Comparing Silicon Valley and the Imperial House of Japan In September 2018, the co-founders of Instagram, Kevin Systrom and Mike Krieger, announced their resignations. Many put this down to reported tensions between the pair and Mark Zuckerberg, founder of Instagram’s parent company, Facebook Inc.
Following their exit, Facebook saw over $11 billion knocked off its stock market value, partly over the fear that the platform would not survive.
In contrast, the meticulous transition plan for the Japanese Crown Prince, which began in earnest in 2016 when the Emperor expressed his intention to abdicate, is expected to result in very little disruption.
Why succession planning is important
Succession planning is crucial for every business, regardless of size or industry. The departure of any senior leader can lead to a loss of confidence from investors or customers and possibly the departure of other employees.
Whilst it is not possible to predict all departures, having a plan in place can help mitigate the effects by smoothing out as many bumps as possible, which in turn gives the business time to consider its messaging to stakeholders at such a critical time.
Despite the benefits of succession planning, many businesses fail to do so. This is often because they would prefer to avoid difficult conversations around the potential departure of senior employees and the subsequent process to identify staff who do (or do not) demonstrate the skills required to replace them.
However, such conversations do not have to be awkward and the task of identifying successors does not need not be a daunting one. Conversations about succession planning are rarely effective if employees are not open and honest, as they involve disclosing career plans and frank assessments of skills.
Employees are less likely to be candid if they do not have trust in the process
One of the most important ways to engender trust is to ensure conversations are kept confidential. Another way to ensure trust in the process is to maintain a degree of objectivity.
Using objective criteria aligned with a business plan to assess skills and having decisions made by more than one individual can help with this.

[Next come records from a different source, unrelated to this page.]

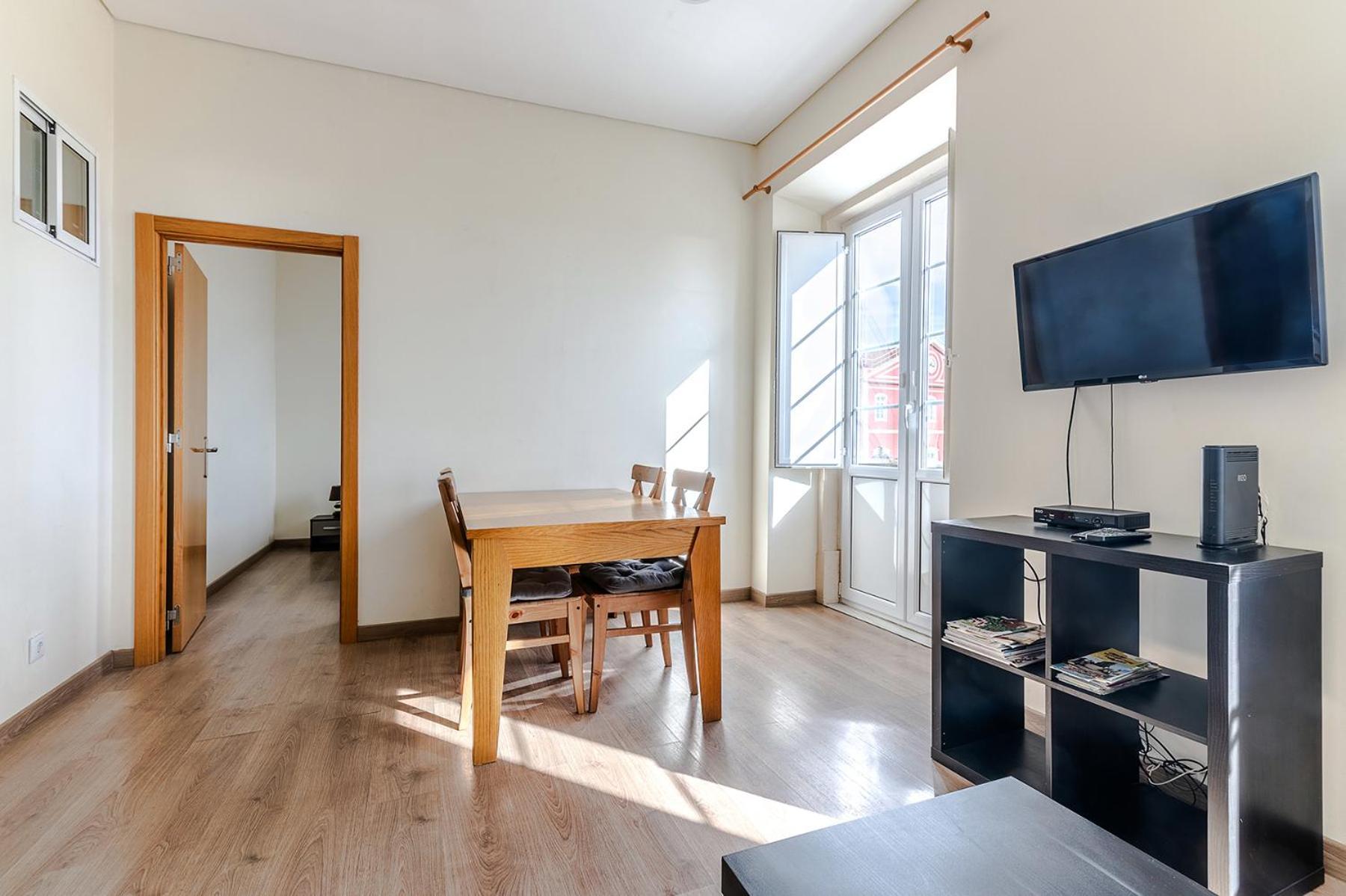 Apartment Very Sunny With Large Balcony 3rd Floor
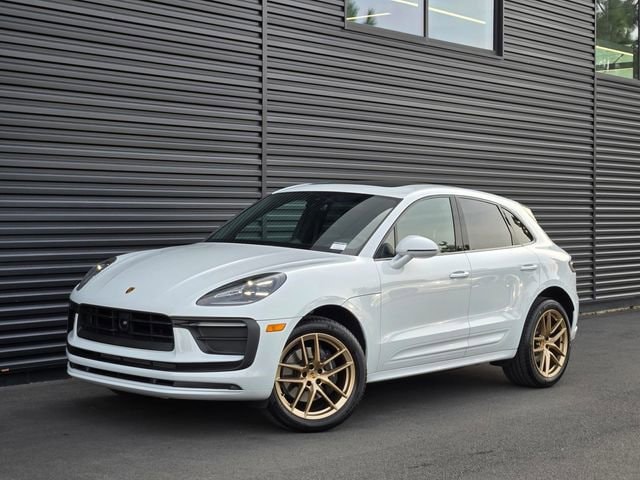 2025 Porsche Macan T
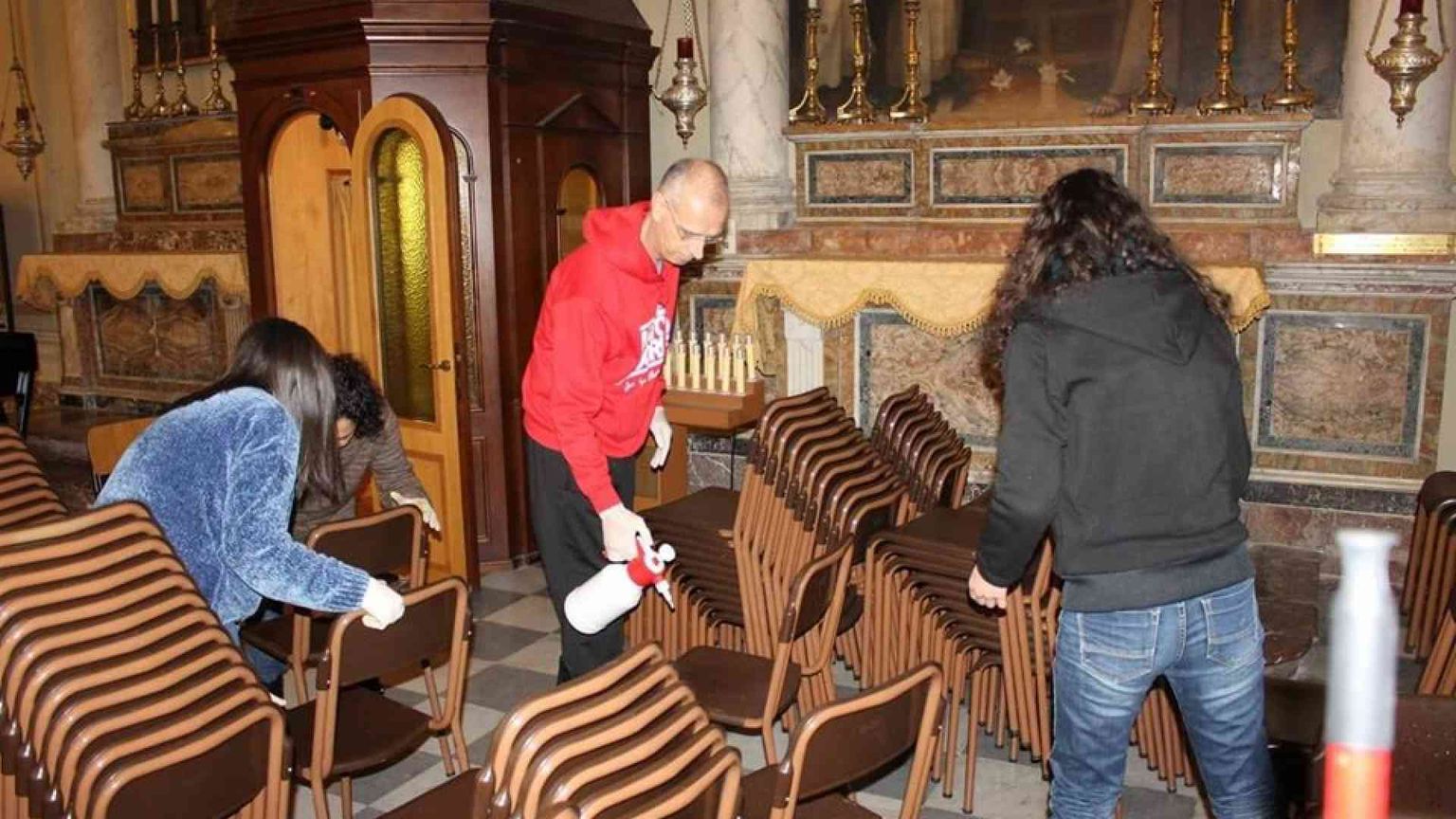 Il vescovo Raspanti igienizza sedie e panche in cattedrale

Indeed, these can also help avoid employment claims from disgruntled employees who feel overlooked for a promotion. Employers should be mindful of the legal risks too, particularly in the context of retirement succession planning. Gone are the days of automatically retiring an employee when they reach state pension age.
Making assumptions about how long an employee will want to continue working based on their age could result in costly age discrimination tribunal claim. Instead, employers should approach discussions about retirement with caution and without pre-judging the situation.

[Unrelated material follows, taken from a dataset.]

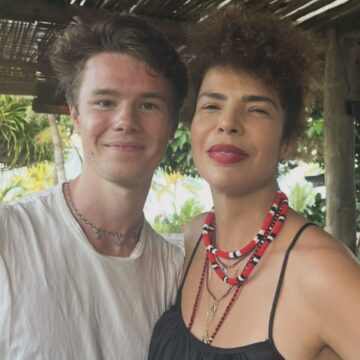 Edvin Ryding, da série ‘Young Royals’, curte viagem na Bahia e posa com Vanessa da Mata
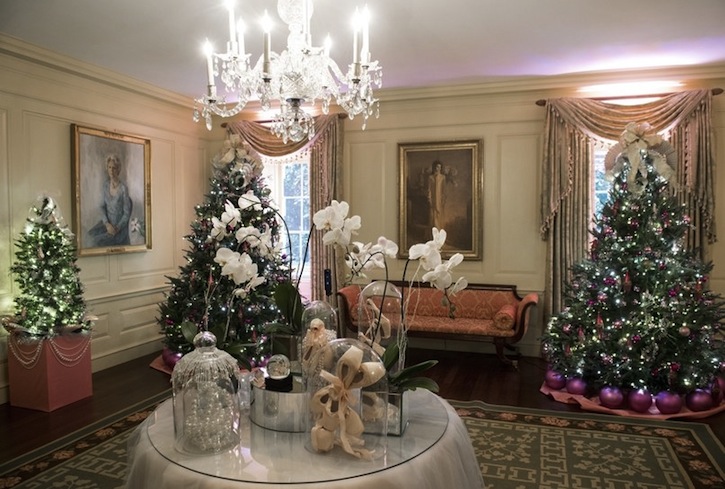 Check out the Obama Family's Last White House Holiday Decorations ➤ To see more news about The Most Expensive Homes around the world visit us at www.themostexpensivehomes.com #mostexpensive #mostexpensivehomes #themostexpensivehomes @expensivehomes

Talent development and expectation management
Developing future leaders is central to successful succession planning, and should not be limited to individuals in roles directly below the senior executive level.
Whilst talent development and leadership training is likely to be focussed at the senior end, employers should consider it at more junior levels to prevent stagnation, provide a sense of progression, and minimise attrition rates.
Indeed, the departure of a senior leader can have a domino effect in the business, requiring a number of employees to make the step up. Without the necessary training, this can be problematic.
Mentoring can be a particularly useful tool to help nurture talent. This is most likely to be effective at a senior level given the greater scope for 1-2-1 time and more focussed mentoring.
However, a culture of mentoring across the business can have a positive effect on motivation and should be offered where possible.
In growing organisations, it is important to consider future expansion and how the creation of new roles might impact employees. Training employees to develop skills which are transferrable across different areas of the business can be fundamental in successfully managing such growth as it enables employees to take on responsibilities across the business.
If there are no suitable internal candidates, organisations should consider where they might require external recruitment and how this might impact the existing workforce.
Hiring externally can have a demotivating effect where internal candidates feel that they have the necessary skills to carry out the role in question.
Having the honest conversations discussed above will help manage employee expectations and lessen any disappointment in feeling overlooked in favour of an external hire.
Businesses should also consider the best ways to mitigate the competitive risk exiting employees might pose.
Individuals with close relationships to customers and those with access to highly sensitive or confidential information should be required to enter into contractual restrictions limiting their ability to act in competition or cause other damage following their exit.
Such restrictions might cover a range of activities, such as preventing them from working at a competitor altogether or poaching customers or colleagues.
Crucially, these restrictions should be kept under review as the individual’s career progresses and updated where appropriate, to ensure that they will be enforceable at the critical time.
Unlike the Japanese monarchy, departing employees rarely give 3 years’ warning of their intentions. Having a plan for departures in place at all times is therefore crucial and even a modest amount of time invested can pay dividends.
By ensuring that the development of its workforce is consistently prioritised, a business can reduce its exposure to employment claims and reduce instability during periods of transition.